This short article aims to explain – in a non-technical way – what standard scores (Z-scores) are and also give you a few tips about how to interpret and use them.

So, what should you, as a novice EFL teacher, need to know and understand about standard scores? Here are just a few useful tips worth remembering.

A standard score is defined by the formula below: ‘X’ is the student’s actual score, ‘AV’ is the average class score, and ‘SD’ is the standard deviation of the class scores.

Z= (X-AV)/SD

To calculate the AV, add all the students’ scores together and divide this sum by the number of students. The calculation of the SD is beyond the scope of this article; however, you can easily do it on your calculator or on some on line sites: just feed in the students’ actual scores and relax! The SD is important because it gives you a measure of the spread of the Z-scores from the AV.

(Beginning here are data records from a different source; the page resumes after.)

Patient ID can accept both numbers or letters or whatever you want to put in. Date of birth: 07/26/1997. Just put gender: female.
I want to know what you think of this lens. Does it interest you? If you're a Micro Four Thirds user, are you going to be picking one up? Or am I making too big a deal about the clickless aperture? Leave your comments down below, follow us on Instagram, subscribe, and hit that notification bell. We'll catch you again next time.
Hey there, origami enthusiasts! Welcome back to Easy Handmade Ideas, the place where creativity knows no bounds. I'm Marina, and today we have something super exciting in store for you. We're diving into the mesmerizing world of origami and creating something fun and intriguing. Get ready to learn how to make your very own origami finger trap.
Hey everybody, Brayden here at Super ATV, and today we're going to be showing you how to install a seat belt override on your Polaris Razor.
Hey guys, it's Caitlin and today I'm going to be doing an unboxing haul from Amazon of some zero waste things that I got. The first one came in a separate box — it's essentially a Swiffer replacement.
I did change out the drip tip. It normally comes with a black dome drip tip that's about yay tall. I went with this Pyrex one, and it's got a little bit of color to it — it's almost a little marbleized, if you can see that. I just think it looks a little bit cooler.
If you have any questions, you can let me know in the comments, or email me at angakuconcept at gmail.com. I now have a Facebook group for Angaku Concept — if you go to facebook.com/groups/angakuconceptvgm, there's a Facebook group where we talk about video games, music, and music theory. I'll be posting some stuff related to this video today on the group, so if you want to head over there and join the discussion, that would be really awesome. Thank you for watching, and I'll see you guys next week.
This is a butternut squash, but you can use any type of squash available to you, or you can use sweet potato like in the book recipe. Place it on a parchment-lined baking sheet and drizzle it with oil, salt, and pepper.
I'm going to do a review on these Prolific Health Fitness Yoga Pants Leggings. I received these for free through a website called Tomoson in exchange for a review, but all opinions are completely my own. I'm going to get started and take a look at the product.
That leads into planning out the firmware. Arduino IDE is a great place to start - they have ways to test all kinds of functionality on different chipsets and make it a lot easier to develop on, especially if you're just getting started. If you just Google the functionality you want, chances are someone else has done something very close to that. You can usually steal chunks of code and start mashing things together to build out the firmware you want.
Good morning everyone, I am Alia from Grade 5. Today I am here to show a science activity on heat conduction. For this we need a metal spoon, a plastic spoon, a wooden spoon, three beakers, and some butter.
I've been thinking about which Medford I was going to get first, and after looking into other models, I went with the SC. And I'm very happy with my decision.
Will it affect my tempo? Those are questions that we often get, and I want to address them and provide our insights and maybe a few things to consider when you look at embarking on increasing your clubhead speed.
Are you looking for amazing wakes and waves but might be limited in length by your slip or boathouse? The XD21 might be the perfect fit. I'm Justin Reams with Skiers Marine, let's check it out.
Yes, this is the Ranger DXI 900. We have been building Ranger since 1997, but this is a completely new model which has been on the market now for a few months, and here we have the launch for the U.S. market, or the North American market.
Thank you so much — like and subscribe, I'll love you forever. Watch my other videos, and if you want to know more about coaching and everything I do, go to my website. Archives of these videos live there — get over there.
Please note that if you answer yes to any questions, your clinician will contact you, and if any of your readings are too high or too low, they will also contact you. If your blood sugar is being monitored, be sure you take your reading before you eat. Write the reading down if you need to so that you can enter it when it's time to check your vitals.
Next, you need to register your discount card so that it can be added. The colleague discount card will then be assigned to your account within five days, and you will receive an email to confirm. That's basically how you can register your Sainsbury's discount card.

Here’s an example to show you one way Z-scores can be useful. A student scored 86 in grammar test-1 in which the AV was 75 and the SD was 10. In grammar test-2, in which the AV was 84 and the SD was 16, the student scored 90. In which test was the student’s relative standing higher?

The Z-score for test-1 was 1.1, and for test-2 it was 0.375; therefore, the student’s relative standing was better in test-1 because the Z-score was 1.1 SDs above the AV – whereas in test-2 it was only 0.375 SDs above the AV.

You can also use Z-scores for single tests: the Z-scores will then tell you exactly how well a particular student performed in terms of the distance of the student’s Z-score from the AV, e.g., a Z-score of –1.3 means that the student has scored below the AV: in fact, the Z-score is 1.3 SDs below the AV – not good!

Finally, here are a few useful tips:

1.) A Z-score of 0 means an actual score equal to the AV.

2.) Z-scores that are ±2 SD or more beyond AV are called outliers: very few students will get such Z-scores.

3.)Approximately 68% of the Z-scores should lie within ±1 SD of the AV.

4.) Z-values can be graphically represented by a bell curve.